■ Problem description
Below are records to repeat exactly; copy them without the pictures.

········

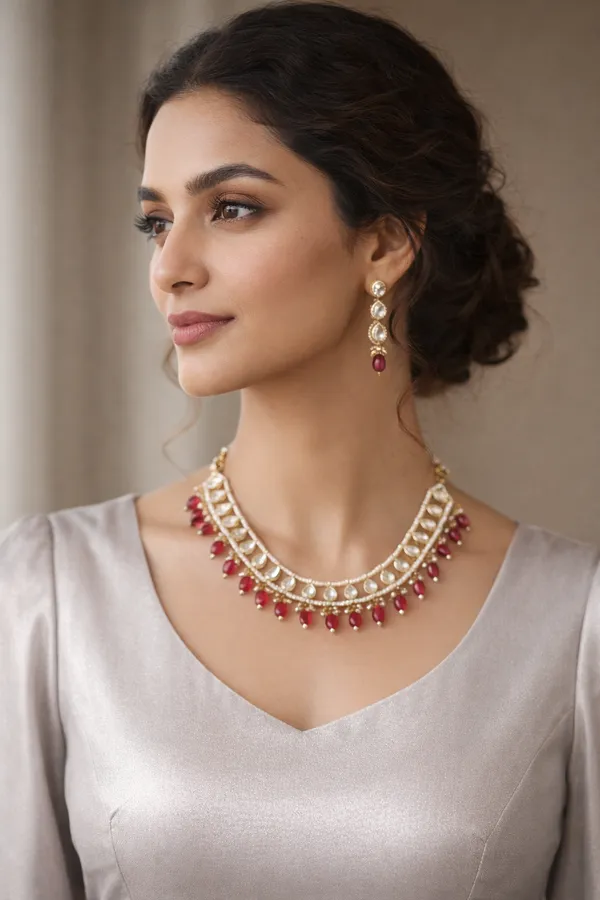 Ruby_Premium_Imitation_Jewelry_necklace_set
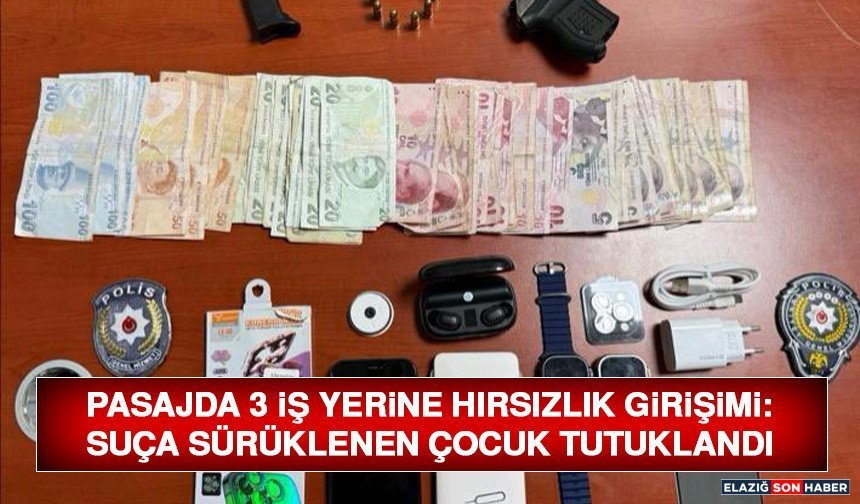 Pasajda 3 İş Yerine Hırsızlık Girişimi: Suça Sürüklenen Çocuk Tutuklandı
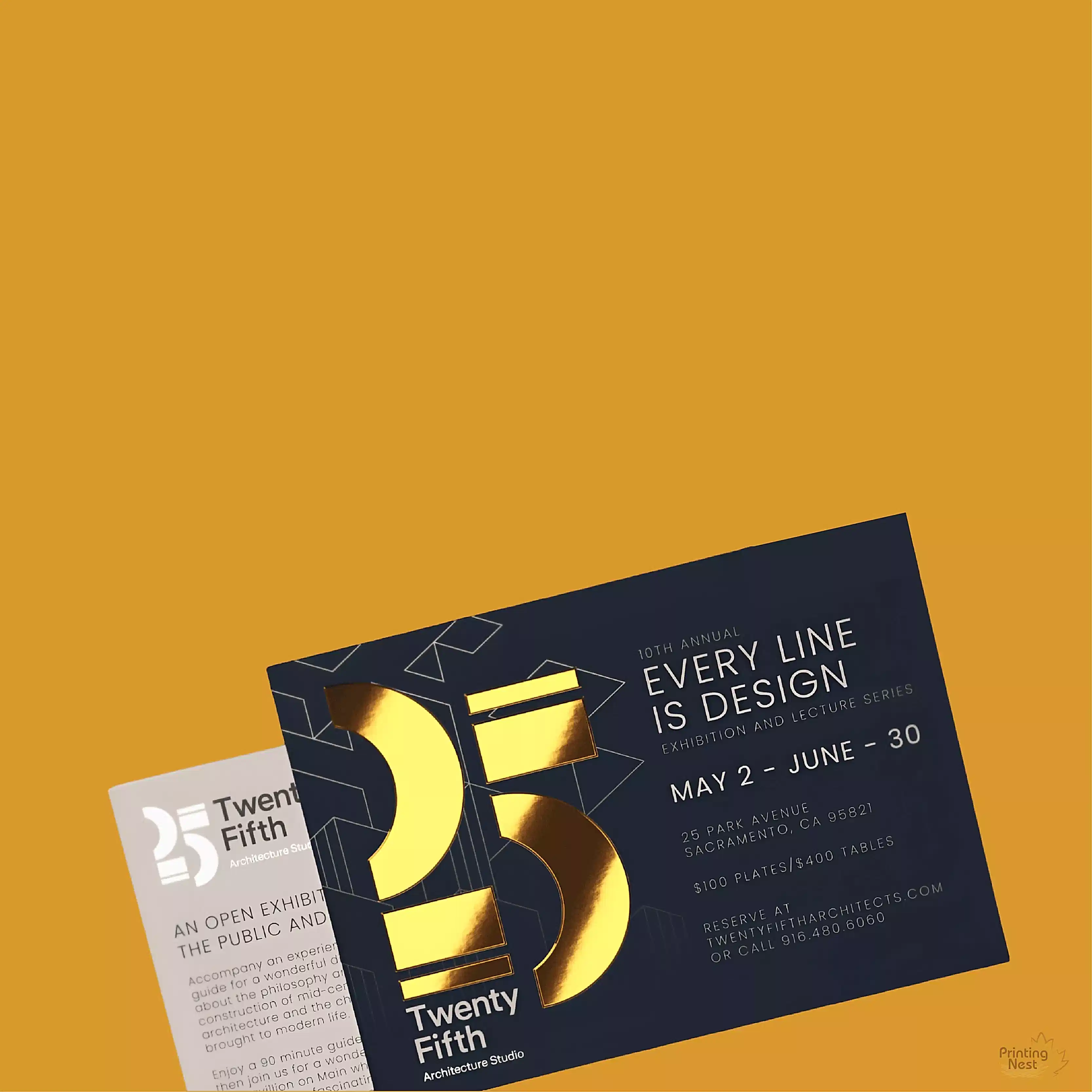 Premium Gold Foil Cards OC Printing Nest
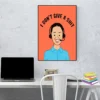 Joan Cornella Abstract Colorful Figure Cartoon Wall Art Canvas Painting Funny Man Pop Quote Poster Print Kids Room Home Decor - Image 4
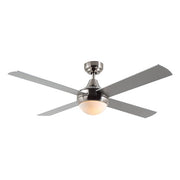 Twister 4 Blade Satin Chrome Ceiling Fan - Lighting.co.za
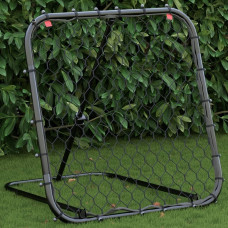 Vidaxl Rebounder do piłki nożnej, regulowany, czarny, 84x73x60-80 cm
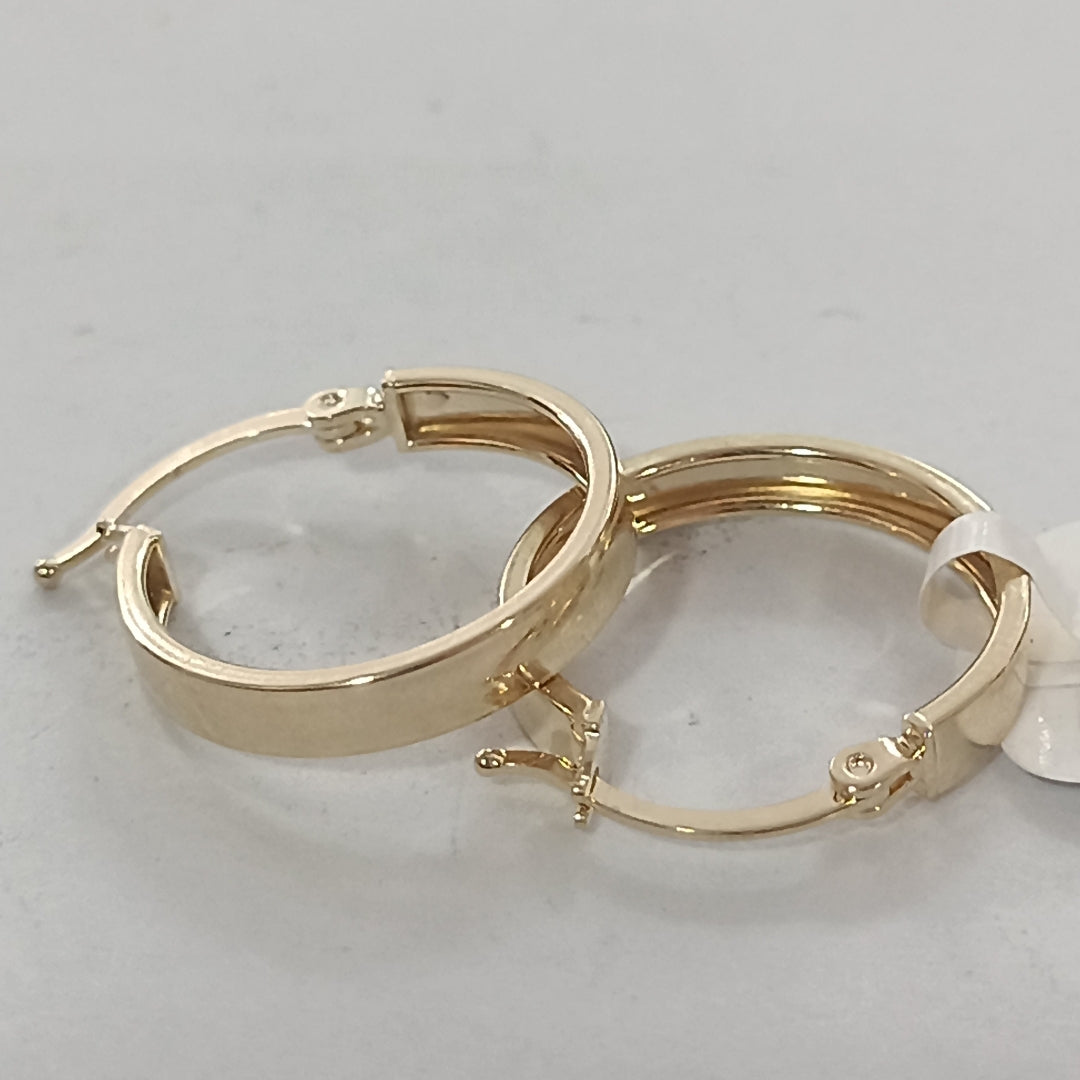 ARRACADAS ORO 14K 1.5 (NUEVO)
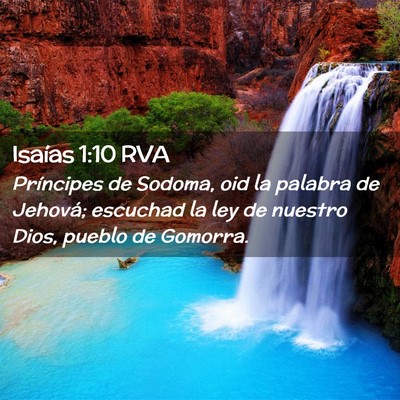 Picture 02 - Isaías 1:10 RVA - Príncipes de Sodoma, oid la palabra de Jehová; - Bible Verse Picture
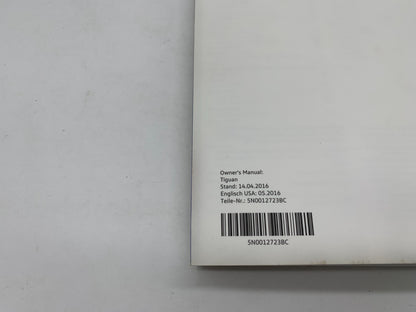 2017 Volkswagen Tiguan Owners Manual Set with Case OEM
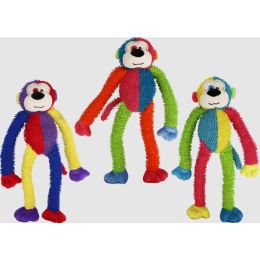 Multipet Multi Crew Monkey Dog Toy Assorted 17 in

········

■ Result of the exercise
 Ruby_Premium_Imitation_Jewelry_necklace_set
 Pasajda 3 İş Yerine Hırsızlık Girişimi: Suça Sürüklenen Çocuk Tutuklandı
 Premium Gold Foil Cards OC Printing Nest
 Joan Cornella Abstract Colorful Figure Cartoon Wall Art Canvas Painting Funny Man Pop Quote Poster Print Kids Room Home Decor - Image 4
 Twister 4 Blade Satin Chrome Ceiling Fan - Lighting.co.za
 Vidaxl Rebounder do piłki nożnej, regulowany, czarny, 84x73x60-80 cm
 ARRACADAS ORO 14K 1.5 (NUEVO)
 Picture 02 - Isaías 1:10 RVA - Príncipes de Sodoma, oid la palabra de Jehová; - Bible Verse Picture
 2017 Volkswagen Tiguan Owners Manual Set with Case OEM
 Multipet Multi Crew Monkey Dog Toy Assorted 17 in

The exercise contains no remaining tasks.